TH1D* GetYvarHist(Int_t iyvar)
Returns the histogram of variable iyvar.If histograms have not already
been filled, they are filled with default binning 100.

void FillYpdfHists(Int_t nbins)
Fills the histograms of pdf-s of y variables with binning nbins

TObjArray* GetYpdfHists()
Returns the array of histograms of pdf's of y variables with binning nbins
If histograms have not already
been filled, they are filled with default binning 100.

TH1D* GetYpdfHist(Int_t iyvar, Int_t ispecies)
Returns the histogram of the pdf of variable #iyvar for species #ispecies, binning nbins
If histograms have not already
been filled, they are filled with default binning 100.

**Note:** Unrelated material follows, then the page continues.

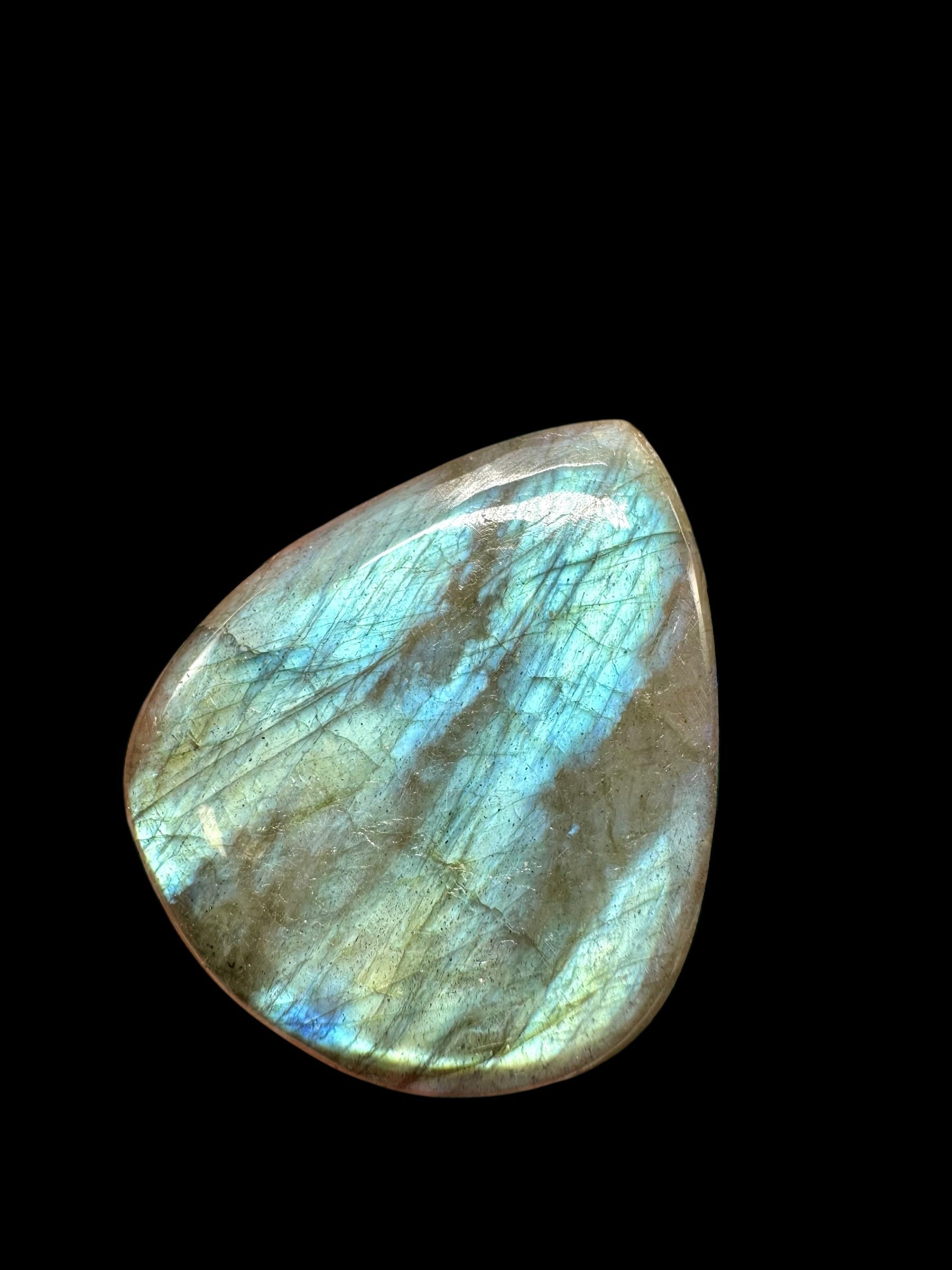 Labradorite cabochon – Madagascar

void FillSWeightsHists(Int_t nbins)
The order of histograms in the array:
x0_species0, x0_species1,..., x1_species0, x1_species1,..., y0_species0, y0_species1,...
If the histograms have already been filled with a different binning, they are refilled
and all histograms are deleted

TObjArray* GetSWeightsHists()
Returns an array of all histograms of variables, weighted with sWeights
If histograms have not been already filled, they are filled with default binning 50
The order of histograms in the array:
x0_species0, x0_species1,..., x1_species0, x1_species1,..., y0_species0, y0_species1,...

void RefillHist(Int_t type, Int_t nvar, Int_t nbins, Double_t min, Double_t max, Int_t nspecies)
The Fill...Hist() methods fill the histograms with the real limits on the variables
This method allows to refill the specified histogram with user-set boundaries min and max
Parameters:
type = 1 - histogram of x variable #nvar
     = 2 - histogram of y variable #nvar
     = 3 - histogram of y_pdf for y #nvar and species #nspecies
     = 4 - histogram of x variable #nvar, species #nspecies, WITH sWeights
     = 5 - histogram of y variable #nvar, species #nspecies, WITH sWeights

TH1D* GetSWeightsHist(Int_t ixvar, Int_t ispecies,Int_t iyexcl)
Returns the histogram of a variable, weithed with sWeights
If histograms have not been already filled, they are filled with default binning 50
If parameter ixvar!=-1, the histogram of x-variable #ixvar is returned for species ispecies
If parameter ixvar==-1, the histogram of y-variable #iyexcl is returned for species ispecies
If the histogram has already been filled and the binning is different from the parameter nbins
all histograms with old binning will be deleted and refilled.

void SetTree(TTree *tree)
 Set the input Tree

void SetTreeSelection(const char* varexp, const char *selection, Long64_t firstentry)
Specifies the variables from the tree to be used for splot

Variables fNx, fNy, fNSpecies and fNEvents should already be set!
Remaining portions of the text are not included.